The new law will allow offenders to be sentenced to prison for a probation violation only if they commit a new crime, which makes up about a third of the probation violations in Johnson County.
That change is worrying Cox, who this week had about 300 inmates in the jail, which is meant to hold a maximum of 322. If the new law requires offenders to serve their sentences for low-
level felonies, probation violations and misdemeanors in the county jail, the average daily number of inmates could increase by 50 to 100 people, he said. Jail overcrowding puts the county at risk of being sued if inmates get sick or hurt, he said.
The changes will mean fewer people in overcrowded state prisons but will instead bring the problem to county jails, Cooper and Cox said.
“We don’t know what to expect. I’m obviously concerned because, in my opinion, there is going to be increased numbers in the jail and numbers that are going to be over and above what we can hold,” Cox said.
The law offers alternatives to jail, such as diversion programs where people don’t face imprisonment if they don’t commit a new crime within a period of time. Cooper is hesitant about using that option in felony cases because often a person would need to be a repeat offender in order to face a felony charge, he said.

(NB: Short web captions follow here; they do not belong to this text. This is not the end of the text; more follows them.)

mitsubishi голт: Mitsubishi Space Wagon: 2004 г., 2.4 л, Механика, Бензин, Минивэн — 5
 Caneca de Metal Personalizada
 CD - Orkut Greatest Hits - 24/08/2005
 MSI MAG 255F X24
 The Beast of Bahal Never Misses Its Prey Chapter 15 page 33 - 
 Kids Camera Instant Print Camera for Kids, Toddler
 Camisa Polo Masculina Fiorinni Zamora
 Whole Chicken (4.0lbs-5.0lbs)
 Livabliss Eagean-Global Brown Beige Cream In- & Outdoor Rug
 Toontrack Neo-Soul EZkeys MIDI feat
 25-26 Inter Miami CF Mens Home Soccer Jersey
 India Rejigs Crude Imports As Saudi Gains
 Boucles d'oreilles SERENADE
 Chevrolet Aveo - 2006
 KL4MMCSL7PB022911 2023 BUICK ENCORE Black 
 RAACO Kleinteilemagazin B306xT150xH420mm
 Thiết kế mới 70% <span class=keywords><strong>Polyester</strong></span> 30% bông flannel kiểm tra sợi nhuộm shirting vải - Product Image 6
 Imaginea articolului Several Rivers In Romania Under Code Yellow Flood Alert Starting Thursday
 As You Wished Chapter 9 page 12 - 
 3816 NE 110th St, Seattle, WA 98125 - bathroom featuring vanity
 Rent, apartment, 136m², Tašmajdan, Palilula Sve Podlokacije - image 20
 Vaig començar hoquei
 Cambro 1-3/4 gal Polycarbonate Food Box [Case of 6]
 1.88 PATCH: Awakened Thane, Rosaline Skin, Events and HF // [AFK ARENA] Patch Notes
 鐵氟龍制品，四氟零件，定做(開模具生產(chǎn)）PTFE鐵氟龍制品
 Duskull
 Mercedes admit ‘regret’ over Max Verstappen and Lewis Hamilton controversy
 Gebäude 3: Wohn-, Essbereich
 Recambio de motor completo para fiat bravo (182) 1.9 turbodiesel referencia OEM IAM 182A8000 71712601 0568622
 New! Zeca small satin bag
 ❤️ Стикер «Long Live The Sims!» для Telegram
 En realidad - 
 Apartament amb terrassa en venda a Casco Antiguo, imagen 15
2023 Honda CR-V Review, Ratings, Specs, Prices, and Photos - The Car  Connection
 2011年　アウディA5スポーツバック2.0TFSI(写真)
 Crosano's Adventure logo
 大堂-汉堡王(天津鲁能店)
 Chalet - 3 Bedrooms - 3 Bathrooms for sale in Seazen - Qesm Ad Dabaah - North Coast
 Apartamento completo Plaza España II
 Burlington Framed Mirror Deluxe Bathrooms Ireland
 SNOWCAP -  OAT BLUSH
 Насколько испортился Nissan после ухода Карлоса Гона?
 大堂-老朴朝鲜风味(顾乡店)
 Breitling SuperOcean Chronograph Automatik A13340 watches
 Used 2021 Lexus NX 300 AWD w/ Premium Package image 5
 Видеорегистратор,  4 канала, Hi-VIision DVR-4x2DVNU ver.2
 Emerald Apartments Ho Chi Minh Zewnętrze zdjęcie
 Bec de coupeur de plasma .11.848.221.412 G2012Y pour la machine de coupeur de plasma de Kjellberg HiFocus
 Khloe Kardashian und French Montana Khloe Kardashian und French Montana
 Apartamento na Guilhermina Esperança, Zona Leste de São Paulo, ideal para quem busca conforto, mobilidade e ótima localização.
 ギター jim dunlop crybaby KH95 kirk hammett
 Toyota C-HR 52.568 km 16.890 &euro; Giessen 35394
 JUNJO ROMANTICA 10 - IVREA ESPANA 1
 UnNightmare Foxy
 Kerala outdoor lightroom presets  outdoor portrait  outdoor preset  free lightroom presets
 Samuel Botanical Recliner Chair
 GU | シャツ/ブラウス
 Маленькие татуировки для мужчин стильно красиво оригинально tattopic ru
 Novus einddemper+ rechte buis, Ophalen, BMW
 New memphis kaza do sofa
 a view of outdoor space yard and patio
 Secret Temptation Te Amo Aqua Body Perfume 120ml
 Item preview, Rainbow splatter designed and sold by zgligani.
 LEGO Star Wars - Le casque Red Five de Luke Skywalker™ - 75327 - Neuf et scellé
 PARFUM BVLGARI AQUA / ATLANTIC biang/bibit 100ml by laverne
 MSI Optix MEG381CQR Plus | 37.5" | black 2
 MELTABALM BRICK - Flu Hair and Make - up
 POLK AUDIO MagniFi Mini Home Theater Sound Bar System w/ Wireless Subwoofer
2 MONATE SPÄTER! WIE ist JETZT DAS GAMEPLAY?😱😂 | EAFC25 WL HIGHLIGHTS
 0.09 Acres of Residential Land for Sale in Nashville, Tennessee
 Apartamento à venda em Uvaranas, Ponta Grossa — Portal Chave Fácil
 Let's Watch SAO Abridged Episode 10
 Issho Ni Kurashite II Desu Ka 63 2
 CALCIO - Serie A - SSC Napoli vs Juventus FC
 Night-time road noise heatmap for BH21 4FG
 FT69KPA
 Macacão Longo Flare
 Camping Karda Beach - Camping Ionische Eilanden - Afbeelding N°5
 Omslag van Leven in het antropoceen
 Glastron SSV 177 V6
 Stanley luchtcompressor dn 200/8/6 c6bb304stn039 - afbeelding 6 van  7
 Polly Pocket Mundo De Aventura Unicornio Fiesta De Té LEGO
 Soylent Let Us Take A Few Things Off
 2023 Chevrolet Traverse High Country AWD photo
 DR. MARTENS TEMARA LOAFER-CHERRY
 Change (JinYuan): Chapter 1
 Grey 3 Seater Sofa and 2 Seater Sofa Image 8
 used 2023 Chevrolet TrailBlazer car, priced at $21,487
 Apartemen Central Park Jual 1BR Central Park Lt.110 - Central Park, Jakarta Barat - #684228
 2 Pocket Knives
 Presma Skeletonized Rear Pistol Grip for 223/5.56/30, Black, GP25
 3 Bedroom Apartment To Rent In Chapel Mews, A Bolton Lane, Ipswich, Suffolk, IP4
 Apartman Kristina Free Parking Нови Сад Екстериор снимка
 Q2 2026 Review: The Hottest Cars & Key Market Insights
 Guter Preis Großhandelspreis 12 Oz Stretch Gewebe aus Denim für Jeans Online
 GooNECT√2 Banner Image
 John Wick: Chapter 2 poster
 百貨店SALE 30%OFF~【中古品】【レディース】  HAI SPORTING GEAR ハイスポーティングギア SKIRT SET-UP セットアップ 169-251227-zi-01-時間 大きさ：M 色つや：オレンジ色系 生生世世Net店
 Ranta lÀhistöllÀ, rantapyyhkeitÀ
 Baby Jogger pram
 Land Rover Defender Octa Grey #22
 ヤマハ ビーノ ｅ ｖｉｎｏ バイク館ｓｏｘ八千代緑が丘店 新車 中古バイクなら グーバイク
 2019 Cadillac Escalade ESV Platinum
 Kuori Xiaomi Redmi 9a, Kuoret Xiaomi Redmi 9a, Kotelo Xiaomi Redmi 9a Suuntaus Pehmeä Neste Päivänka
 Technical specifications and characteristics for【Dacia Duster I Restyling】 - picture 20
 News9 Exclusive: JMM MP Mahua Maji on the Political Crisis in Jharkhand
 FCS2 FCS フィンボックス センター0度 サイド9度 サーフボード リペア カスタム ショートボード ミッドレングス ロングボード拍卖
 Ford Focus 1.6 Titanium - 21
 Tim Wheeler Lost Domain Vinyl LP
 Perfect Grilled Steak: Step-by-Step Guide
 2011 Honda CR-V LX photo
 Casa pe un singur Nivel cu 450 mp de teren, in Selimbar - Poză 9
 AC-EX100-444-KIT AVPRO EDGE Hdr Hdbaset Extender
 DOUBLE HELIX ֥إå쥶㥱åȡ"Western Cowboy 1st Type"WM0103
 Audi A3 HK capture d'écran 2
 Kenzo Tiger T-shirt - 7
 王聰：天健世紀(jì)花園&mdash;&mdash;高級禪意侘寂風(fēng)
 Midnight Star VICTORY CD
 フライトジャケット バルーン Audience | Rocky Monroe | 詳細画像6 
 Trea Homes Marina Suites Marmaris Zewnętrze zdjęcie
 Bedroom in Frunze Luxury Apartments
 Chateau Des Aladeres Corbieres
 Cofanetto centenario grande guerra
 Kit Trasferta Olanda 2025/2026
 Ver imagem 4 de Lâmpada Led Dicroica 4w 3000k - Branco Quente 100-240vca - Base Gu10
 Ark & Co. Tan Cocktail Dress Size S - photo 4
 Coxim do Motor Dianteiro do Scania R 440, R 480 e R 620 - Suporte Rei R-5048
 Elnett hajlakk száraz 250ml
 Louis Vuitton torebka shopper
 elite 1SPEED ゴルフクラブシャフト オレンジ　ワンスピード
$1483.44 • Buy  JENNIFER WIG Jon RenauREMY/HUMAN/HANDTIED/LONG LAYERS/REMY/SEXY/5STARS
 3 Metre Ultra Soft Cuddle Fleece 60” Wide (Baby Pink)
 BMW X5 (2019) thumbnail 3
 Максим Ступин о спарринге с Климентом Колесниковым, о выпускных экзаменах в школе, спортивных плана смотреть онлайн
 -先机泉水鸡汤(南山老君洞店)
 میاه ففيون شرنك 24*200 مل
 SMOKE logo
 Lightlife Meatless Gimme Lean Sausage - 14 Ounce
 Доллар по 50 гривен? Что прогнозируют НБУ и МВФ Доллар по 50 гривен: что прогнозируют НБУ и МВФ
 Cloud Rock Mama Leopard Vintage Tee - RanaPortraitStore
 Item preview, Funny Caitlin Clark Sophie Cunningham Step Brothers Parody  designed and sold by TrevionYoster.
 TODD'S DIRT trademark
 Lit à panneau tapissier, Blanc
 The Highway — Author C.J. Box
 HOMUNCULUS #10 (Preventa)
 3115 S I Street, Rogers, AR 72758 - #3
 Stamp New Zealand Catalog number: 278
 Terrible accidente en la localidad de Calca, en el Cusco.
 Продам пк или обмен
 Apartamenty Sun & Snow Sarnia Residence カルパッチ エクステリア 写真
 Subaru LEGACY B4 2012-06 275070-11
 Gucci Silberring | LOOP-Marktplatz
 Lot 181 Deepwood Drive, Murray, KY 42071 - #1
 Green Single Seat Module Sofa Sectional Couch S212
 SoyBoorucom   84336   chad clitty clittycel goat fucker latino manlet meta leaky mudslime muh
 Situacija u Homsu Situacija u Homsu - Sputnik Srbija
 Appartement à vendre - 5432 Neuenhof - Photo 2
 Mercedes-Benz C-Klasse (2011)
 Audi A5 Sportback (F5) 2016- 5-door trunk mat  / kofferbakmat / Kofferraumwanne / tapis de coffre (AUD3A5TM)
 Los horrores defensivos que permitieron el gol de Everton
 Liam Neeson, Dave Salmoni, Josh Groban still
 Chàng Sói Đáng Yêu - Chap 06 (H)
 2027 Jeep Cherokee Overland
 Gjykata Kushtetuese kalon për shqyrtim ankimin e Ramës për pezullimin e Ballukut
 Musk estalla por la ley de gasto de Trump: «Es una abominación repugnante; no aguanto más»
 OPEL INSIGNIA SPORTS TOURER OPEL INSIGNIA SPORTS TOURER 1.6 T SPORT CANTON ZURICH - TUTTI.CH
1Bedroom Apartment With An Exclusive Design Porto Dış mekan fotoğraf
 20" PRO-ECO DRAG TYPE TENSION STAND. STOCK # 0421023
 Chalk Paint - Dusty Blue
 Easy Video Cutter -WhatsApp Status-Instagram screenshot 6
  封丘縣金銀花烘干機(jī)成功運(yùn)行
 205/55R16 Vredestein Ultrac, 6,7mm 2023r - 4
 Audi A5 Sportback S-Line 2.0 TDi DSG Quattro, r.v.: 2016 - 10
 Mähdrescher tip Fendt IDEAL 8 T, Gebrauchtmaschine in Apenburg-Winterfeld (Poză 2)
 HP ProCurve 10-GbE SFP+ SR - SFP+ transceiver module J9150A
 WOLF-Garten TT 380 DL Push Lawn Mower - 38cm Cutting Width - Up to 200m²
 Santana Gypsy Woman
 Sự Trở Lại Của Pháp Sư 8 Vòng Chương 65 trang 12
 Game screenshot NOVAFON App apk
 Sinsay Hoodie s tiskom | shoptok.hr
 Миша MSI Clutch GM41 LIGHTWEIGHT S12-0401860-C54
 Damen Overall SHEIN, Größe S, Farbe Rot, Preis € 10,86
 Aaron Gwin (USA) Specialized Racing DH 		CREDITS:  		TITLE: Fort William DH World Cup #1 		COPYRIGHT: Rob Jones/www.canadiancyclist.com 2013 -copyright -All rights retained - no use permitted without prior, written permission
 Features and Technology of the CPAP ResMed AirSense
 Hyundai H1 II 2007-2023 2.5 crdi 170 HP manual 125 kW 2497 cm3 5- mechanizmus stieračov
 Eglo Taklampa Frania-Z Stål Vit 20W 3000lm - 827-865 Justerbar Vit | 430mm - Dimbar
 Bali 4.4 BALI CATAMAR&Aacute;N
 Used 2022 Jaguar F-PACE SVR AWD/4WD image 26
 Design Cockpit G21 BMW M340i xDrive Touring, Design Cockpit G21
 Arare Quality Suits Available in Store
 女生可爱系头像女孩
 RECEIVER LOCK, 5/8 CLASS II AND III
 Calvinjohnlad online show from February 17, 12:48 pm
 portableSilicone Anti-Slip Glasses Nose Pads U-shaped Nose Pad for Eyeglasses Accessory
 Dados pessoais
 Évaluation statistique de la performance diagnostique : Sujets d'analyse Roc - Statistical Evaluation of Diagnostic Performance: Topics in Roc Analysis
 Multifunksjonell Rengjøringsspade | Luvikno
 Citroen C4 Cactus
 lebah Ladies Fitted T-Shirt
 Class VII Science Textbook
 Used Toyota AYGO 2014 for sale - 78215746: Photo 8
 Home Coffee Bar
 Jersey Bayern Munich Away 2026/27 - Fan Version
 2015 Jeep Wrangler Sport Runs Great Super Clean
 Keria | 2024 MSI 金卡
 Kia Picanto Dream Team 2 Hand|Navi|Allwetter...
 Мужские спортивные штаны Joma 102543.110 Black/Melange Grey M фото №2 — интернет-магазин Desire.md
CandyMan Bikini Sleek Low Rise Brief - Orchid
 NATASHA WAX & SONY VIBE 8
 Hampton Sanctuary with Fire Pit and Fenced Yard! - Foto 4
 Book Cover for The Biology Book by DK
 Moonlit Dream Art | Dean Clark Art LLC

For example, people caught with synthetic marijuana wouldn’t be charged with a felony unless they had a previous drug conviction.
The law would give more funding to local probation and community corrections programs because more offenders could be sentenced to probation or programs including work release and home detention.
But when people fail a drug test, miss a probation meeting or don’t return to the work release on time, they end up back in the county jail, Cox said.
To battle overcrowding, a person who misses a probation meeting or fails an alcohol test one time in the future might not be sent to jail as they would now, Johnson Circuit Judge Mark Loyd said.
Loyd oversees the probation department and has asked caseworkers to develop a new system of penalties for probation violations to try to lower the number of people who would be sent to jail.
That also means judges won’t be able to deliver as strict a message to offenders about the seriousness of probation but could give people another chance if they make a mistake, Loyd said.
“Violate and you’re going to jail. It’s the easiest to understand. I’ve done it for years,” he said.
The lower penalties are also a concern to police. If offenders aren’t put away for long periods of time, Cox is worried they won’t be deterred from returning home and committing new crimes.
For example, a man convicted of a felony drug charge in Marion County last year was put on home detention.
When police raided his house less than a year later as part of a local drug investigation after a Center Grove area teenager died, officers found large amounts of heroin, prescription medication, blotter paper used to ingest drugs and other items used to make drugs, such as pill makers.
“He’s got a plethora of narcotics in his house. How much more contemptible can that be?” Cox said.
Greenwood Police Department assistant chief Matt Fillenwarth advises officers to not obsess over the sentence a person eventually gets, since state law already offers multiple chances for a person to reduce the sentence with good behavior and educational programs.